HealthLawProf Blog

Editor: Katharine Van Tassel
Case Western Reserve University School of Law

Wednesday, January 20, 2021

Aging Out: Elderly Defendants and International Crimes

Caroline Davidson (Willamette University), Aging Out: Elderly Defendants and International Crimes, 61(1) Va. J. Int’l L. (2020):

One of the most salient characteristics of international criminal justice is delay. Whether at international tribunals, hybrid “internationalized” courts, or domestic ones, seldom do courts reach or adjudicate atrocity crimes quickly. Although much has been said about the speed or lack thereof of international criminal trials, little attention has been given to the almost inevitable side effect of the slow pace of international criminal justice: elderly defendants and prisoners. This Article attempts to fill this void. It explores the human rights implications of prosecuting and punishing elderly, and often extremely elderly, atrocity perpetrators and the degree to which prosecution of elderly alleged atrocity criminals furthers the objectives of international criminal justice. Whereas international human rights law recognizes that criminal proceedings must accommodate the special needs of the elderly person on trial and that serious physical or mental ailments can render prosecution and incarceration inhumane, at present, age alone is no impediment to prosecution or punishment. Age is, however, a permissible consideration at sentencing or reviews thereof. Further complicating matters, there is a tension between age-related arguments in favor of release or home confinement of defendants and prisoners and human rights norms demanding the investigation, prosecution, and punishment of perpetrators of atrocity crimes.

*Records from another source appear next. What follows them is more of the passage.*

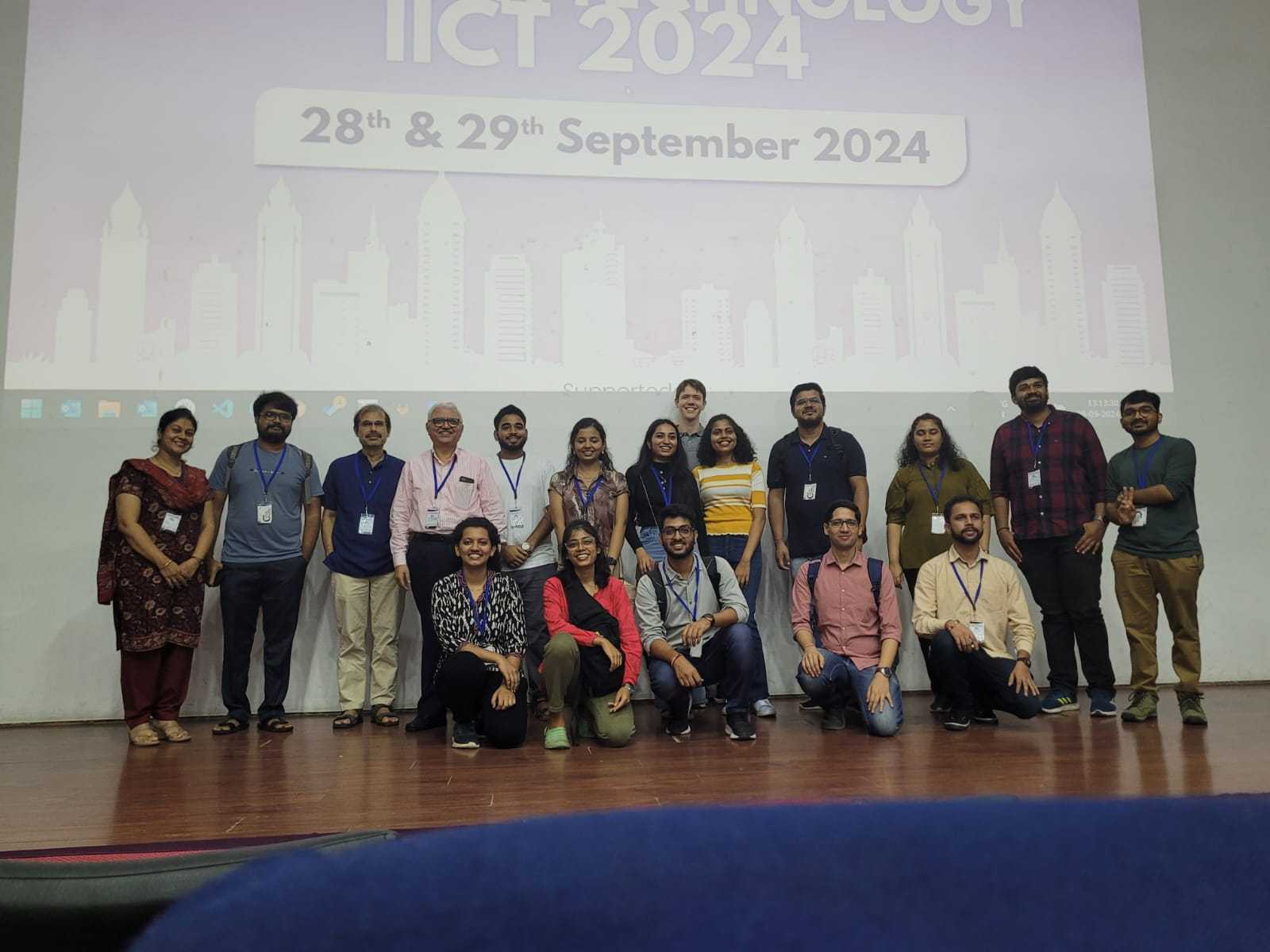 [Presentation] Presented at IICT-2024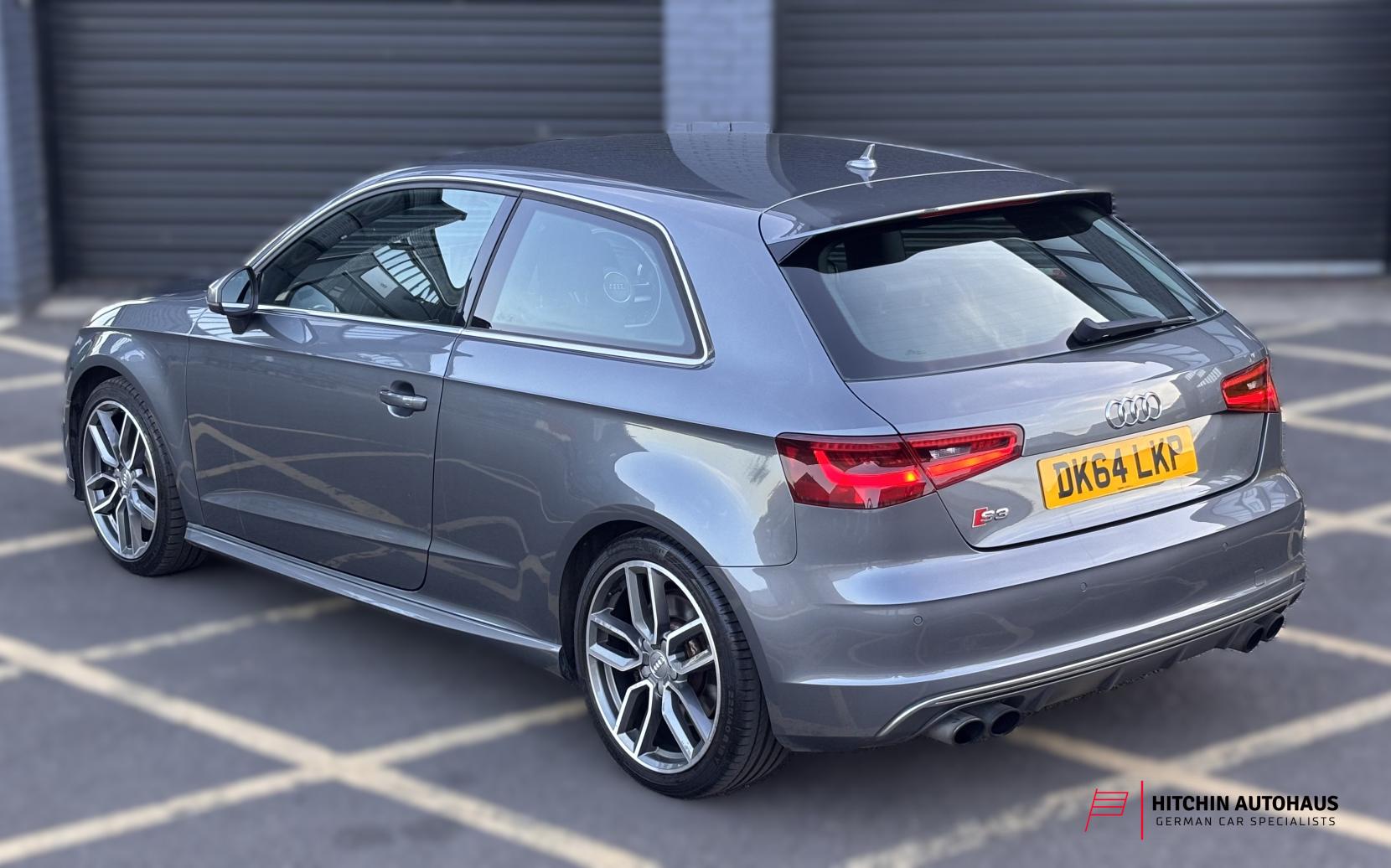 Audi S3 2.0 TFSI Hatchback 3dr Petrol Manual quattro Euro 6 (s/s) (300 ps)
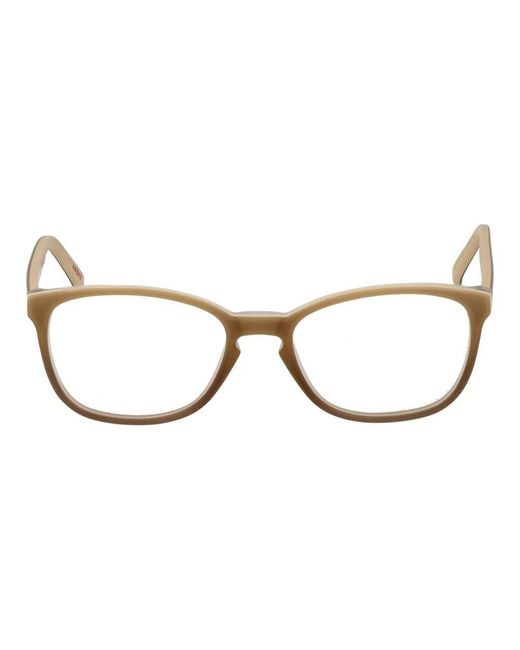Andy Wolf Brown Beige Acetate Glasses (frames)
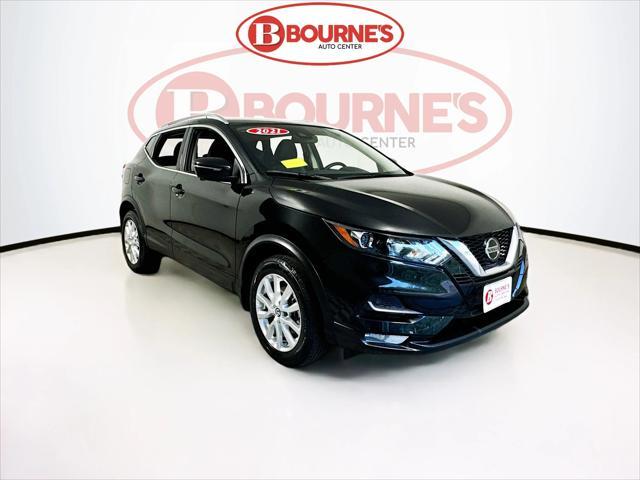 used 2021 Nissan Rogue Sport car, priced at $19,990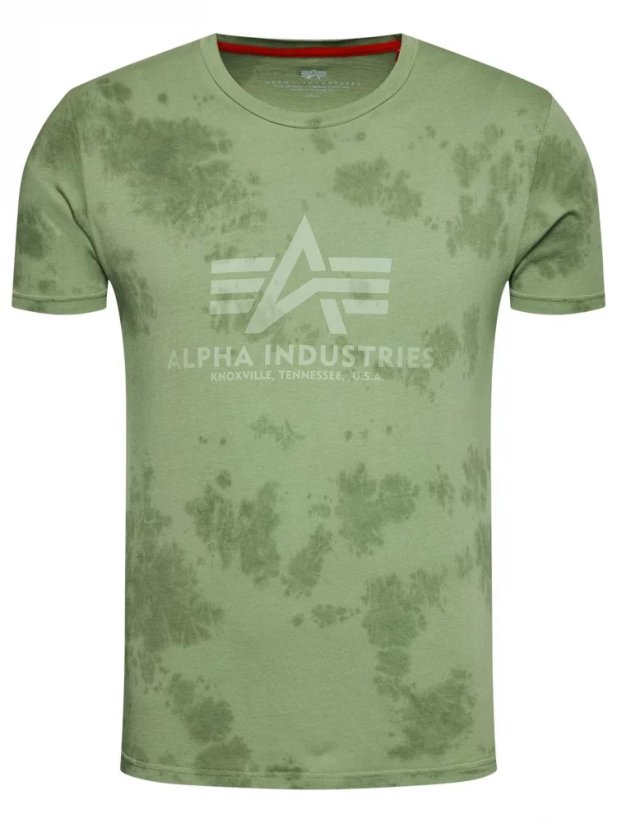 Alpha Industries Pánské Triko s krátkým rukávem Basic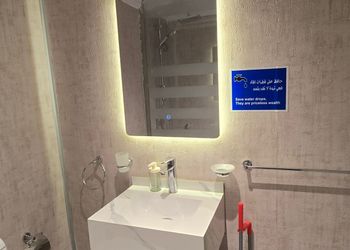 استديو هادئ بسريرين فردية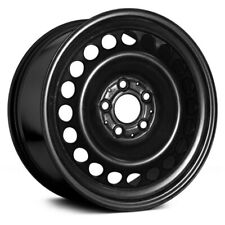 Wheel For 2004 Mercedes-Benz CLK320 16x7 Steel 20 Holes 5-112mm Painted Black picture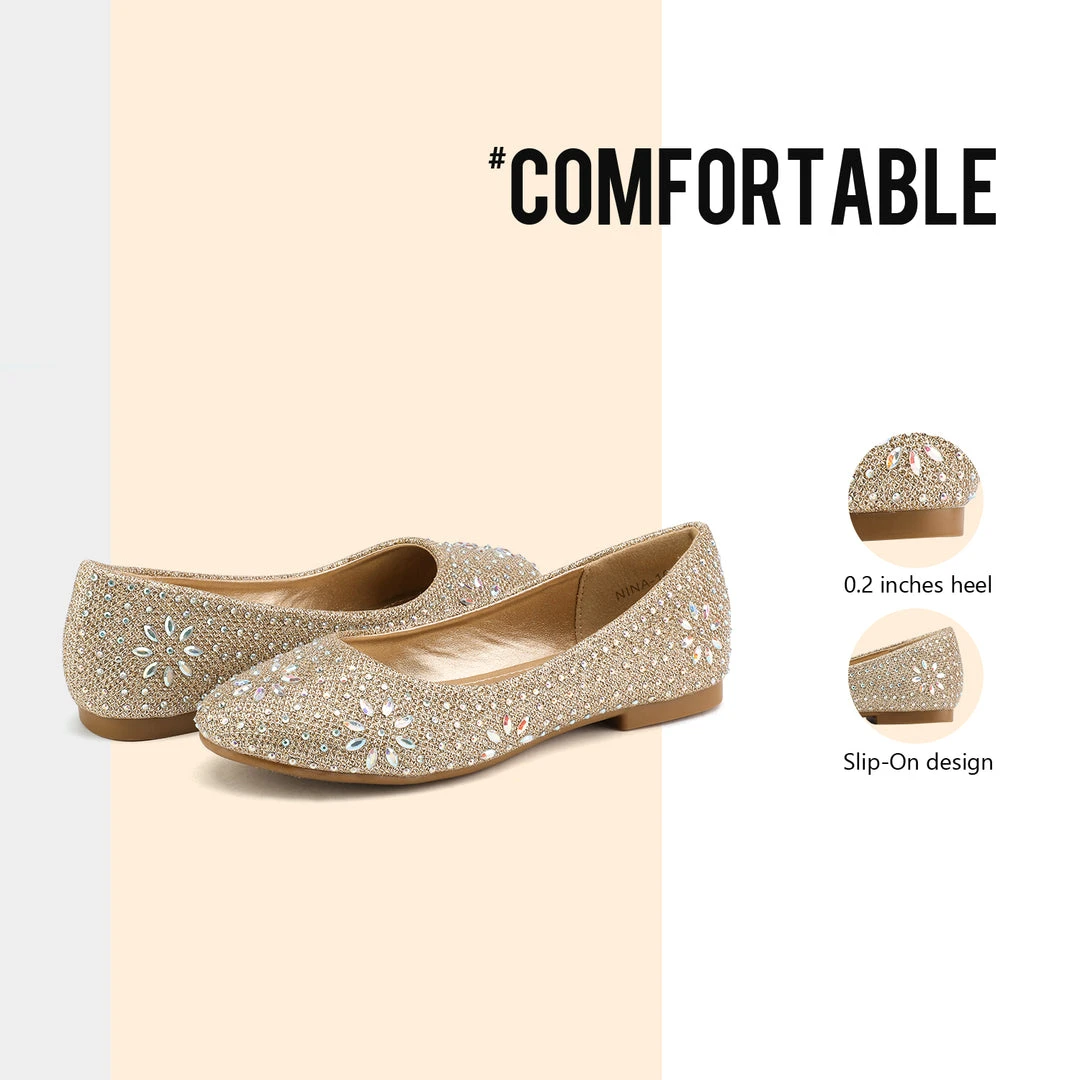 DREAM PAIRS Women Girl's Comfortable Ballerina Flats 3 DREAM PAIRS Women Girl's Comfortable Ballerina Flats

This Article contends that, in most instances, prosecution and, if convicted, punishment of now-elderly perpetrators of atrocities comports with international human rights law and further the aims of international criminal justice, including retribution, deterrence, and even incapacitation. Moreover, they serve important expressive and didactic functions. However, there are limits. To pursue imprisonment in the face of a stark incompatibility with the medical needs of an elderly defendant or prisoner would betray the human rights obligations owed the elderly and prisoners alike and impede the important human rights-affirming function of atrocity prosecutions. Judges thus must continue to engage in the messy task of assessing the physical and mental health needs of elderly defendants and prisoners and the adequacy of institutions and resources to accommodate them. Wherever possible, even if meaningful punishment cannot be reconciled with the humane treatment of the elderly defendant, perpetrators should be still be prosecuted. These prosecutions, though likely unsatisfying to victims and families their families, send a message of condemnation of the conduct—these crimes are sufficiently grave that they merit our attention, regardless of the passage of time or the age of the defendant—and of educating the public about atrocities and the circumstances that gave rise to them.